"Best Defensive Player was a difficult category for me to judge with the five candidates," said MLB Network analyst Scott Braun. "Ultimately, Lindor provided the blend I was looking for: consistency, defensive metrics and passing the eye test with the way he made the improbable look easily doable."
Lindor was quick to give credit to all those who helped him, including the fans who voted for him to win the award.
"I take a lot of pride in this," Lindor said. "My pops, my brother and my cousin, they have helped me so much, and this award is an honor and a blessing. I play for the fans and the city of Cleveland and for Puerto Rico and my family, and I thank them. When we play the games, we try to put on a show for them so they can enjoy everything, and it's pretty cool having them vote me into this award."
In his first full season in the big leagues, Lindor, 23, finished with 17 Defensive Runs Saved, ranking fourth among MLB shortstops and second in the American League. Lindor also posted a 20.8 Ultimate Zone Rating, which was first in the AL and second in MLB.
In more traditional statistics, Lindor was second in the AL in both assists (448) and total chances (674), with just 12 errors and a .982 fielding percentage in 158 games. He also took home both a Rawlings Gold Glove Award and a Platinum Glove Award earlier this month.
Davis' home run topped Blue Jay Edwin Encarnacion's walk-off homer against Baltimore in the AL Division Series, Dodger Clayton Kershaw's save against the Nationals in Game 5 of the NLDS, Cub Miguel Montero's pinch-hit grand slam in Game 1 of the NL Championship Series and Cub Ben Zobrist's go-ahead double in the 10th inning of Game 7 of the World Series.
The 36-year-old Davis, known more for speed than power, hit 12 home runs during the regular season with a .249 batting average. Davis' Game 7 home run was his only homer of the postseason, and he called it the best moment of his career.
"It was a moment that I'll never forget," Davis said. "I believe God gave me an opportunity to be in that position with a man on first base in the bottom of the eighth. That was a position I could have only dreamed of, and to be put in that position and come through? That's another thing."
The Esurance MLB Awards annually honor Major League Baseball's greatest achievements as part of an industry-wide balloting process that includes five groups, each of which accounts for 20 percent of the overall vote: media, front-office personnel, retired MLB players, fans at MLB.com and Society for American Baseball Research (SABR) voters.
The MLB Awards are an all-inclusive program, encompassing the top players and performances from both the AL and NL from Opening Day through the end of the postseason.

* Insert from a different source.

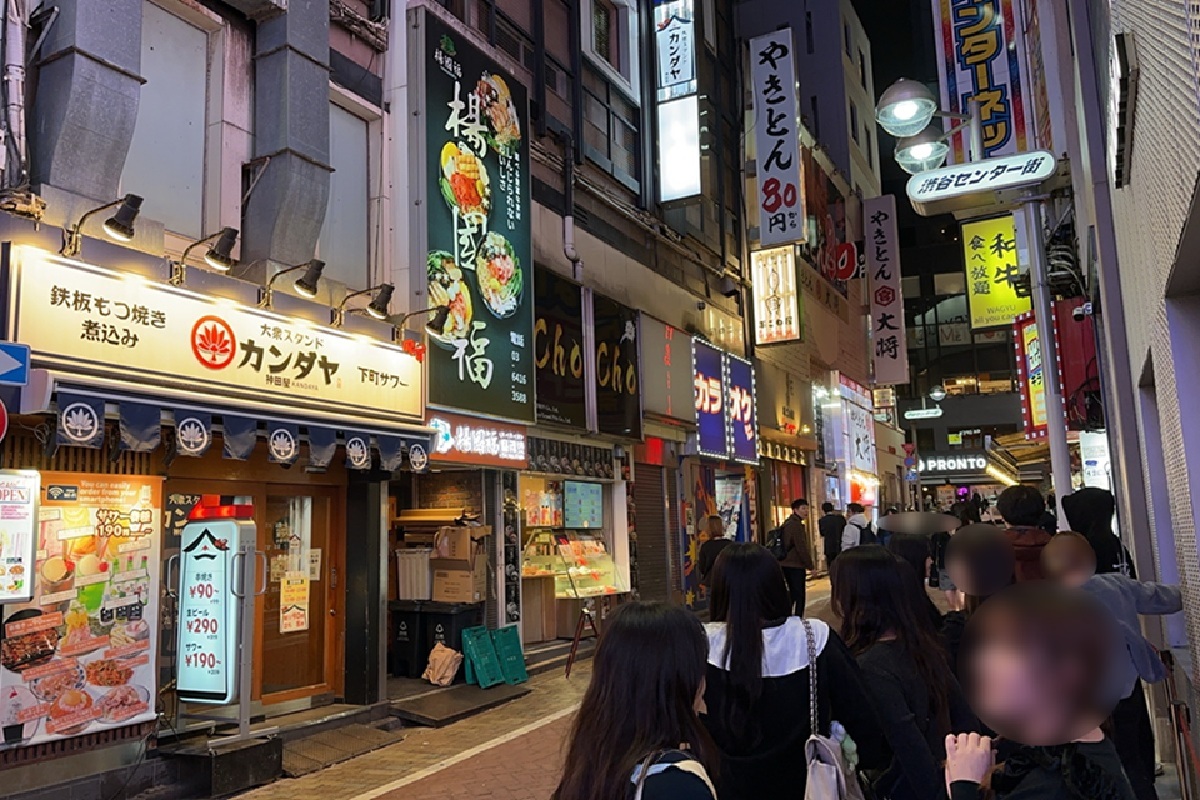 渋谷・センター街にある人気麻辣湯店。近隣店舗の迷惑にならないよう、店の向かいに行列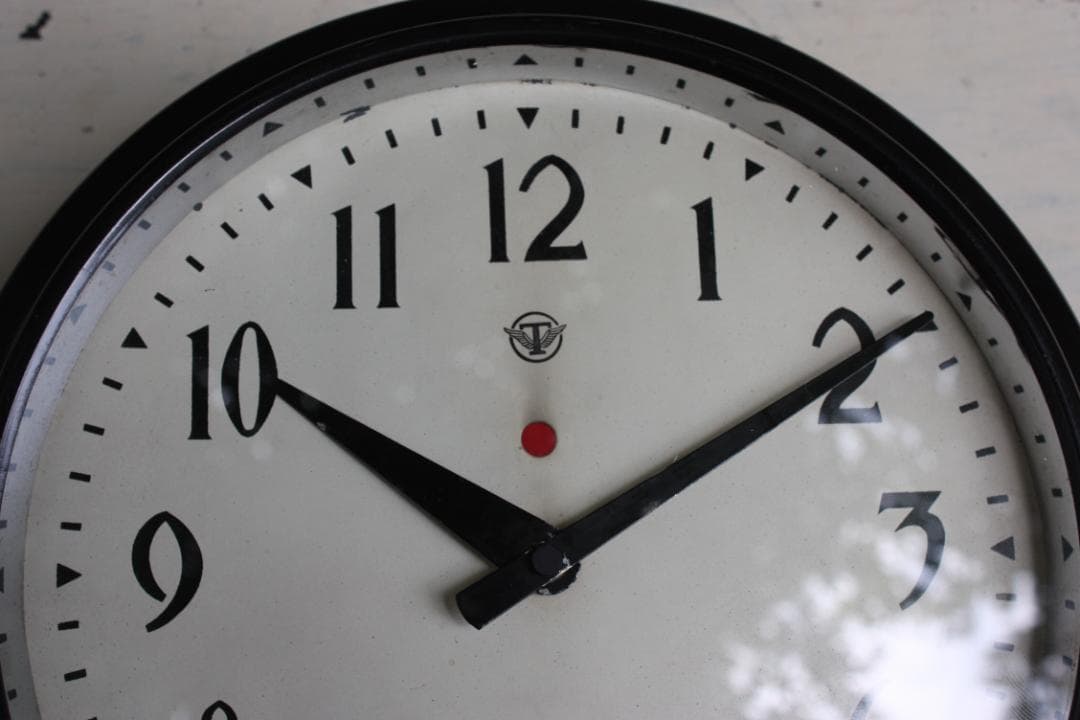 インダストリアル 静音 アンティーク 丸型 電池式 クオーツ改造 動作品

Individual awards go to the Best Major Leaguer in addition to the winners in the following categories: Best Hitter, Pitcher, Rookie, Defensive Player, Manager, Executive, Social Media Personality and Postseason Performer.
Winners are also recognized for the year's best Offensive Play, Defensive Play, Regular-Season Moment, Postseason Moment, Single-Game Performance, Social Media Post, Fan Catch, Broadcast Call, Player-Fan Interaction and Trending Topic.